L'Eu Update di questa settimana si occupa del Rapporto Lamy. 

Il tanto atteso Rapporto Lamy è stato presentato il 3 giugno 2017.
Il nome ufficiale è “LAB – FAB – APP Investing in the European future we want” ma prende il nome da Pascal Lamy, l’economista a capo del gruppo di esperti incaricato dal Commissario per la Ricerca, Carlos Moedas, di valutare come massimizzare l’impatto dei programmi europei di ricerca e innovazione.
Il rapporto sottolinea come negli ultimi vent’anni due terzi della crescita economica nei paesi industrializzati sono attribuibili al settore della ricerca e dell’innovazione.


In particolare sono undici le raccomandazioni proposte per il prossimo programma quadro sulla ricerca e l’innovazione (che partirà nel 2021 e le cui basi sono in discussione in questo momento):
- Dare priorità alla ricerca e all'innovazione nei bilanci nazionali e dell'UE, attraverso raddoppiamento del bilancio del programma di ricerca e innovazione dell'UE post 2020.
- Costruire una vera politica di innovazione dell'UE che crei mercati futuri, promuovendo ecosistemi per ricercatori, innovatori, industrie e governi. Sotto questo punto viene inoltre sottolineata la necessità di investire nelle idee innovative con un alto potenziale di crescita attraverso il Consiglio europeo per l’innovazione.
- Educare per il futuro e investire nelle persone che porteranno avanti il cambiamento, attraverso la modernizzazione dei sistemi educativi e un maggiore sforzo in termini di risorse e formazione.

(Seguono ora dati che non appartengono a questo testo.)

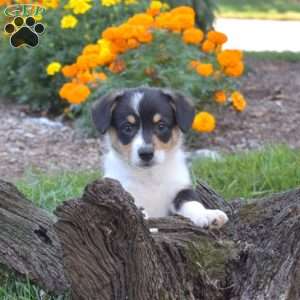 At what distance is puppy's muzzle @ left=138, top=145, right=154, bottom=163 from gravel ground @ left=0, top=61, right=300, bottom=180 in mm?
3490

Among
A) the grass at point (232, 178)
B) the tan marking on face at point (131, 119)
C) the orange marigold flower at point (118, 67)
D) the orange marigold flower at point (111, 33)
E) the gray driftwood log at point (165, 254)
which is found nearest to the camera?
the gray driftwood log at point (165, 254)

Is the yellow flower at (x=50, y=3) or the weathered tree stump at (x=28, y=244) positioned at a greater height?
the weathered tree stump at (x=28, y=244)

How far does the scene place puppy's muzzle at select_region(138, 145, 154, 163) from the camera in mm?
4371

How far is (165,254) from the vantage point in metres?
3.47

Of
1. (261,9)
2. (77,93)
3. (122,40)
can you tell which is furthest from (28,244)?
(261,9)

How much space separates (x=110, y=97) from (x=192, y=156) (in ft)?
10.6

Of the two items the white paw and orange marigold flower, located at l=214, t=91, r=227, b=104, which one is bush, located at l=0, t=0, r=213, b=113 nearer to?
orange marigold flower, located at l=214, t=91, r=227, b=104

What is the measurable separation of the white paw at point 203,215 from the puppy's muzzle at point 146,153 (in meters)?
0.38

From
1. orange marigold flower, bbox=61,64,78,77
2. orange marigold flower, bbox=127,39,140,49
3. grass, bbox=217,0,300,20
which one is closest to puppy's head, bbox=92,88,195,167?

- Focalizzare la progettazione del nuovo programma per la ricerca e l’innovazione sul suo impatto, migliorando anche il sistema di valutazione delle proposte e aumentando la flessibilità.
- Adottare un approccio più orientato sugli obiettivi e focalizzato sull’impatto.
- Razionalizzare il panorama finanziario europeo e raggiungere la sinergia con i fondi strutturali: ridurre il numero degli schemi di finanziamento per la ricerca e innovazione, rendendo quelli rimanenti in grado di rafforzarsi l'un l'altro e di fare sinergie con altri programmi funzionano.
- Semplificare ulteriormente, privilegiare l'impatto sul processo
- Mobilitare e coinvolgere i cittadini, attraverso il loro coinvolgimento nella programmazione e nell’implementazione delle azioni.
- Migliorare l’allineamento degli investimenti in ricerca e innovazione a livello nazionale e europeo.
- Rendere la cooperazione internazionale uno dei punti caratterizzanti della ricerca e innovazione dell'UE, aprendo la possibilità agli Stati migliori di associarsi al programma e a tutti di partecipare, sia attraverso un cofinanziamento del programma stesso sia attraverso l’apertura ai soggetti europei dei loro finanziamenti per la ricerca.
- Catturare e comunicare meglio l'impatto della ricerca e dell’innovazione, attraverso campagne di comunicazione e disseminazione dei risultati più efficienti.